- Exercise prompt
Copy each line below exactly.
*** Data for this task ***
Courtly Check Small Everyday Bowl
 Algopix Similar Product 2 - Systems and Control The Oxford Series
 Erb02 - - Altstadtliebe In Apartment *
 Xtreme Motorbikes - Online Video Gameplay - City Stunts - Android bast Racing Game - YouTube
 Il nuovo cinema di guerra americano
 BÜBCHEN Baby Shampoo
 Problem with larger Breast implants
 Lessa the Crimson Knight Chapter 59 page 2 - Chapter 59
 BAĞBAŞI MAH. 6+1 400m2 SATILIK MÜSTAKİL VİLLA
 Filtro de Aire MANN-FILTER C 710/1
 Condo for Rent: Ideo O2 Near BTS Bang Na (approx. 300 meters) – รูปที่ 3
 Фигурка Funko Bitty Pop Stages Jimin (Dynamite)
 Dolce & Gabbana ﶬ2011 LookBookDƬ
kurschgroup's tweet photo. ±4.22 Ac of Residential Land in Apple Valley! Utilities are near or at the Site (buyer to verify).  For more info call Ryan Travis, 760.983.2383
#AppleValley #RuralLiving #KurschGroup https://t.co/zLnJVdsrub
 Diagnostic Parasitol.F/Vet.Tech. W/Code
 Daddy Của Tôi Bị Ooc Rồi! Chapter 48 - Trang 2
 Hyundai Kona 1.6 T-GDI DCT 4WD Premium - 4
*** End of Data for this task ***
- Response for this exercise
Courtly Check Small Everyday Bowl
 Algopix Similar Product 2 - Systems and Control The Oxford Series
 Erb02 - - Altstadtliebe In Apartment *
 Xtreme Motorbikes - Online Video Gameplay - City Stunts - Android bast Racing Game - YouTube
 Il nuovo cinema di guerra americano
 BÜBCHEN Baby Shampoo
 Problem with larger Breast implants
 Lessa the Crimson Knight Chapter 59 page 2 - Chapter 59
 BAĞBAŞI MAH. 6+1 400m2 SATILIK MÜSTAKİL VİLLA
 Filtro de Aire MANN-FILTER C 710/1
 Condo for Rent: Ideo O2 Near BTS Bang Na (approx. 300 meters) – รูปที่ 3
 Фигурка Funko Bitty Pop Stages Jimin (Dynamite)
 Dolce & Gabbana ﶬ2011 LookBookDƬ
kurschgroup's tweet photo. ±4.22 Ac of Residential Land in Apple Valley! Utilities are near or at the Site (buyer to verify).  For more info call Ryan Travis, 760.983.2383
#AppleValley #RuralLiving #KurschGroup https://t.co/zLnJVdsrub
 Diagnostic Parasitol.F/Vet.Tech. W/Code
 Daddy Của Tôi Bị Ooc Rồi! Chapter 48 - Trang 2
 Hyundai Kona 1.6 T-GDI DCT 4WD Premium - 4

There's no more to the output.